On the management side, too, she finds she has received the support she has needed in her career.
− Few people are confident when they are very young, and it's good to have someone who sees you and can say I believe in you. Take a stand and I'll support you on it. And as you get older, it's a different support, and I experience that both at the department and at the faculty, she says.
Cohesion between work and family life
Although Lone is buried in a wide range of research projects and collaborations in her day-to-day life, she also finds time to work with sustainability in areas that are almost in the interface of work and leisure. She has had several collaborative projects with artists, such as at the Museum of Modern Art in Aalborg where she, a colleague and an artist developed a ball track to give children and young people a greater understanding of the consumption of planet resources.
− It’s really fun and rewarding to work with artists. They have a completely different way of thinking and different methods. They operate on a more emotional level and get us to form images in a different way than research can, says Lone.
She sees it as a huge privilege to have the time and energy for gathering tours, art and all the other things she’s interested in. And of course be with her family.

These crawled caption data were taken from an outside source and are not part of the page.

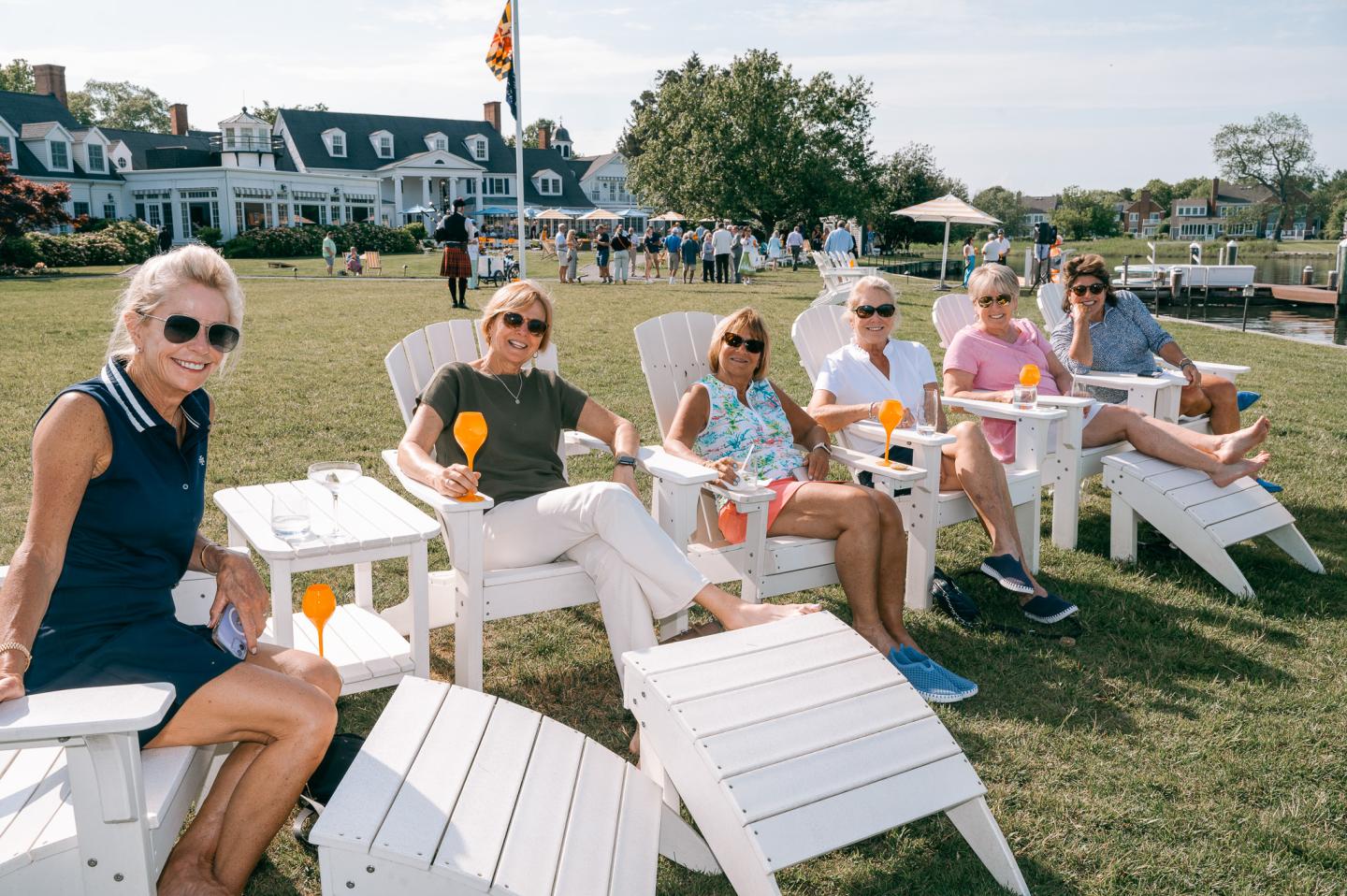 Happy Guests at Event with drinks sitting in adirondack chairs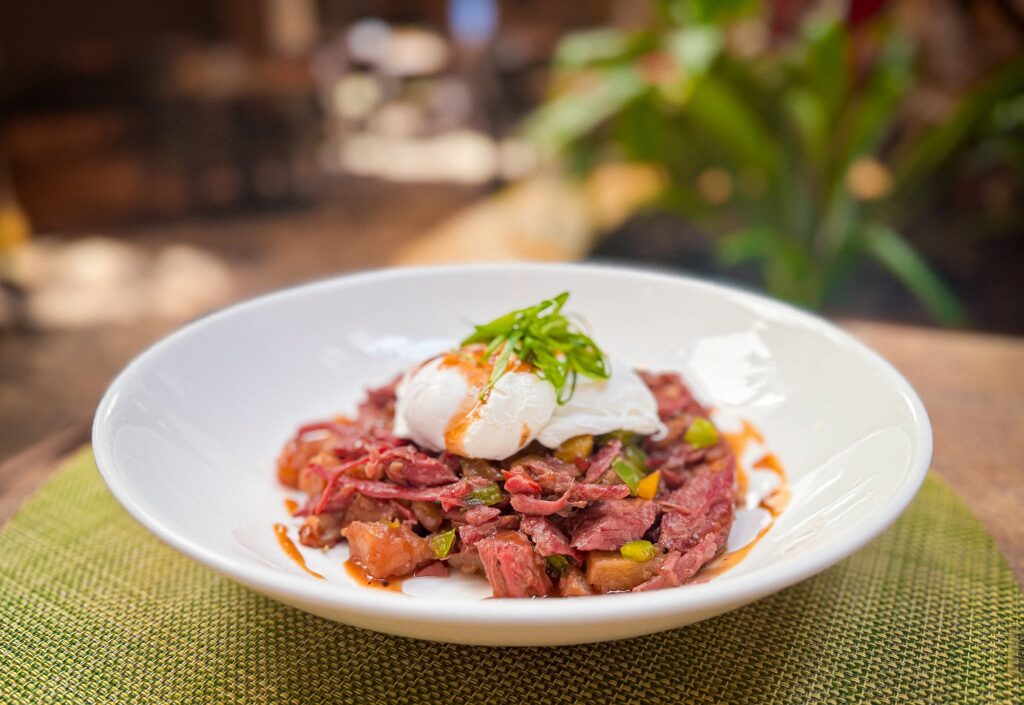 Corned Beef Hash at Tropicale – Poached eggs over corned beef, potatoes, and rosemary demi-glace.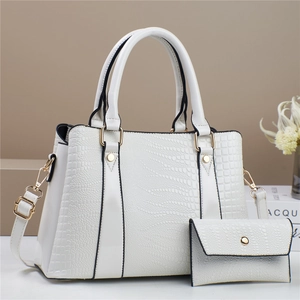 Detail of white crocodile embossed leather tote bag with gold hardware and small pouch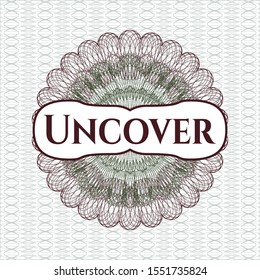 Green and Red passport rosette with text Uncover inside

− There is such mutual respect at AAU that we don’t function as a workplace unless we function in our personal lives. I have also heard from international colleagues that they think it’s great to be here because there is a culture of going home and being with your family. At one point I was in the United States for six months and I could see that it was a completely different way of working. It was perfectly normal for meetings to take place at six and seven in the evening. Maybe I take it very much for granted, I think, but we are privileged, no question.